A very nice fellow at OSH last evening helped me out. Apparently, many bromeliads can grow along quite happily in an office environment with no windows and standard fluorescent lights. They are actually tropical forest plants that grow in shade anyway, and they're pretty durable if you water them enough to keep a puddle of water in their top, though over-watering can kill them.

I'm not really familiar with bromeliads... The real test will come over the next few months as folks try not to be the first person to kill theirs... here are some links to help prevent that sort of thing:
Introduction to Bromeliads
P. Allen Smith's page
Bromeliad Fact Sheet from the Horticultural Services Division of the Smithsonian
Gertens' Beautiful Bromeliads page

For folks with office windows, I found some lovely Christmas cacti. I love these plants... they're easy to care for, bloom beautifully, and look pretty and green year round without having to trim off dead leaves or anything. My parents had one when I was growing up, and for years, I thought all Christmas cacti looked like it did. That's not entirely true... some have blossoms that are hot pink, some are white throated with pink or red tips, some are mostly white, and there are even a few orangey-salmon colored ones. Most have medium to dark green leaves, but many nowadays pop out more than one blossom per leaf-end.

I have four myself in my office, some of which were gifts to me over the years, and some which were post-Christmas rescues from the bargain bin at Target... and I just bought a new one for myself for home since the pale salmon-orangey color called to me. :-)

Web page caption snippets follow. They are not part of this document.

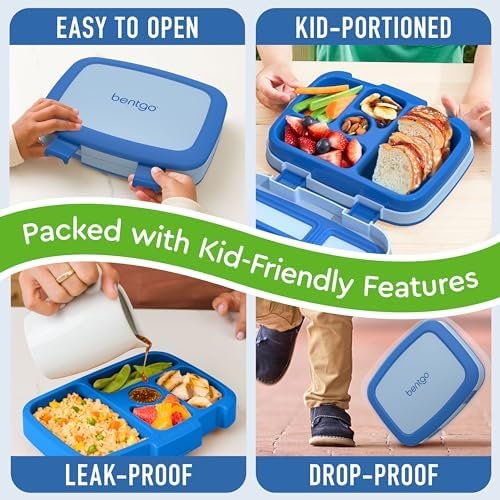 Bentgo Kids Bento-Style 5-Compartment Leak-Proof Lunch Box - Ideal Portion Sizes for Ages 3 to 7 - Durable, Drop-Proof, Dishwasher Safe, PFAS & BPA-Free & Made with Food-Safe Materials (Blue) - Image 4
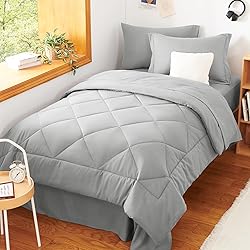 CozyLux Twin Comforter Set with Sheets Light Grey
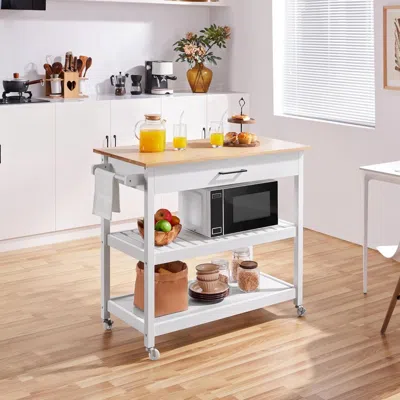 Quikfurn White Kitchen Island Cart With Drawer Storage Shelves And Locking Casters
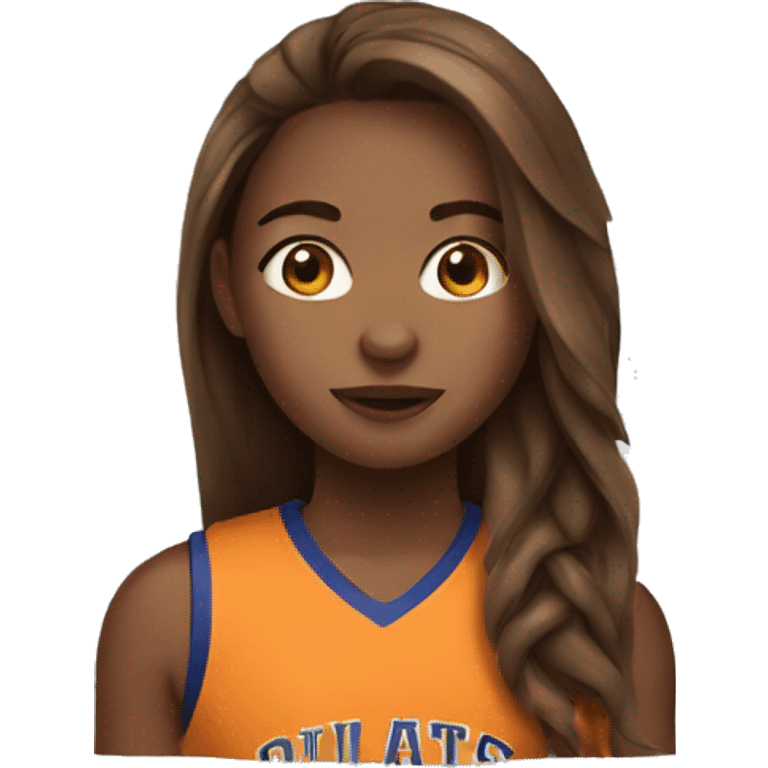 a basketball girl with long brown hair emoji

Here are some links for folks trying to figure out how not to kill theirs to keep their Christmas cacti so it will bloom next year...
Fernlea's page
Purdue University's Consumer Horticulture, Lawn and Garden page
The Plants Database page

naturedance: my foot, in my boot, on Mount Rainier (winter wonderland)
A friend of mine forwarded me an email which is supposedly from USA Today... it's about celebrating the holidays rather than trying to avoid anything that tastes good because it might not be healthy for you. Quite entertaining... "1. About those carrot sticks. Avoid them. Anyone who puts carrots on a holiday buffet table knows nothing of the Christmas spirit. In fact, if you see carrots, leave immediately. Go next door, where they're serving rum balls."

Now, I don't advocate eating anything that will kill you... and enough of my friends and family are on special diets for very good reasons, so I'm not joking about it. However, there's no reason to make yourself feel less than jovial, less than festive... less than abundantly in the holiday spirit.

Everyone celebrates differently, but anyone that goes through the holidays with no decorations anywhere, living on celery and carrot sticks... well, in my humble opinion, they're missing the point.


Most years, I do a lot of projects and bargain shopping all throughout the year, so that by the time December rolls around, I've got a huge stash of goodies in a big box or two in the closet, all ready and waiting to be sorted and wrapped and shipped and tucked under trees.

This year, I've been working too hard at my job to the exclusion of many other things, and am now feeling quite drained and tired, and the holidays feel rushed. Actually, this whole year has seemed very rushed. Whatever happened to November? October? May? Eeeeeeeep.

Mom tells me that everyone has years when the holidays sneak up on them, that this is normal and expected and all that. However, it's the first time it's really felt that way for me, and I've had some rather busy and/or stressful times in the past without feeling this way.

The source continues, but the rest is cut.